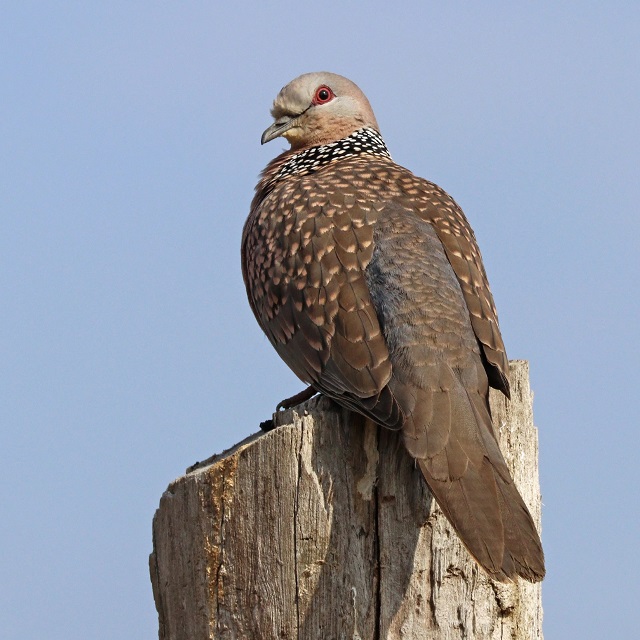 Spotted Dove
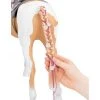 Our Generation From Hair to There Palomino Paint Horse Accessory Set for 18" Dolls 1 Our Generation From Hair to There Palomino Paint Horse Accessory Set for 18" Dolls -Little Doll World Shop unnamed file 17
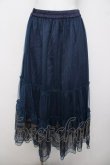 画像1: axes femme / 額縁刺繍チュールスカート F 紺 Y-26-03-30-096-AX-SK-SZ-ZY (1)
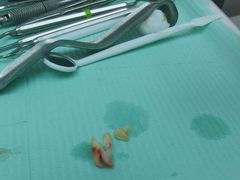 -牙博士口腔品牌连锁(杨浦店)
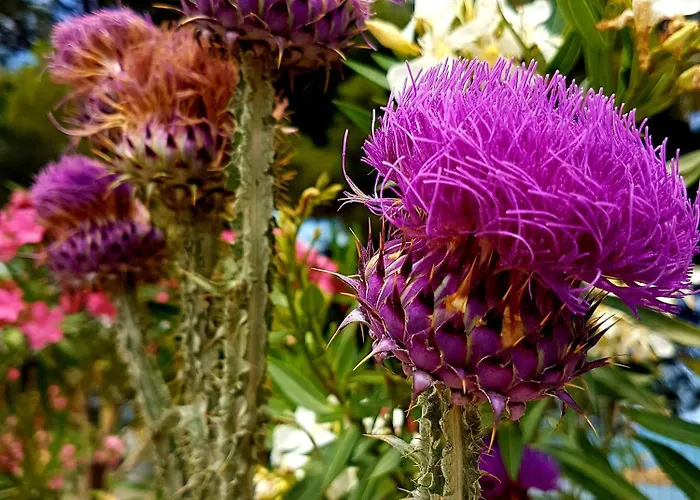 Terrazza Cieli Immensi * 伊索拉迪卡波里祖托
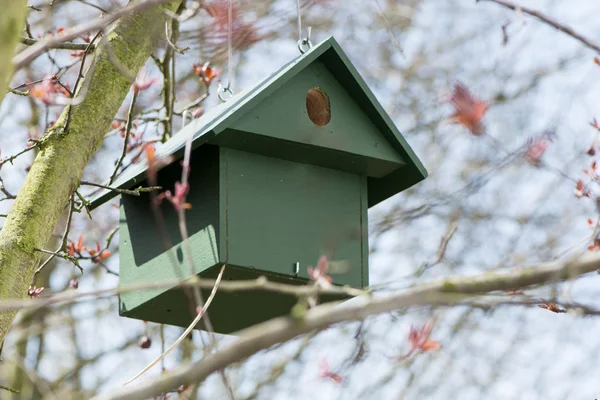 Birdhouse drewniane wiszące na drzewie — Zdjęcie stockowe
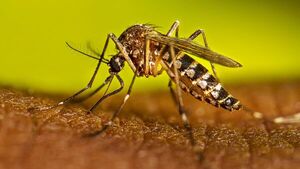 Nuevo serotipo de dengue pone en riesgo a la población infantil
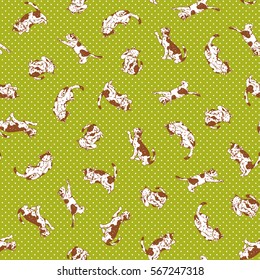 Pretty cat pattern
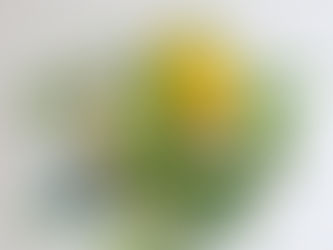 お盆の供え花に最適な白ひまわりの魅力と意味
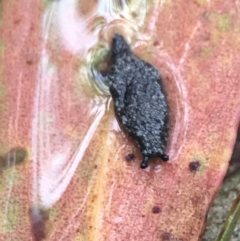 Cystopelta astra (Snowy Mountains Humpback Slug) at Captains Flat, NSW - 14 Jan 2022 by Tapirlord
....
EXERCISE BRIEF
In your copy, restate the data above word for word but leave out any picture.

OUTPUT
 Spotted Dove
 Our Generation From Hair to There Palomino Paint Horse Accessory Set for 18" Dolls 1 Our Generation From Hair to There Palomino Paint Horse Accessory Set for 18" Dolls -Little Doll World Shop unnamed file 17
 画像1: axes femme / 額縁刺繍チュールスカート F 紺 Y-26-03-30-096-AX-SK-SZ-ZY (1)
 -牙博士口腔品牌连锁(杨浦店)
 Terrazza Cieli Immensi * 伊索拉迪卡波里祖托
 Birdhouse drewniane wiszące na drzewie — Zdjęcie stockowe
 Nuevo serotipo de dengue pone en riesgo a la población infantil
 Pretty cat pattern
 お盆の供え花に最適な白ひまわりの魅力と意味
 Cystopelta astra (Snowy Mountains Humpback Slug) at Captains Flat, NSW - 14 Jan 2022 by Tapirlord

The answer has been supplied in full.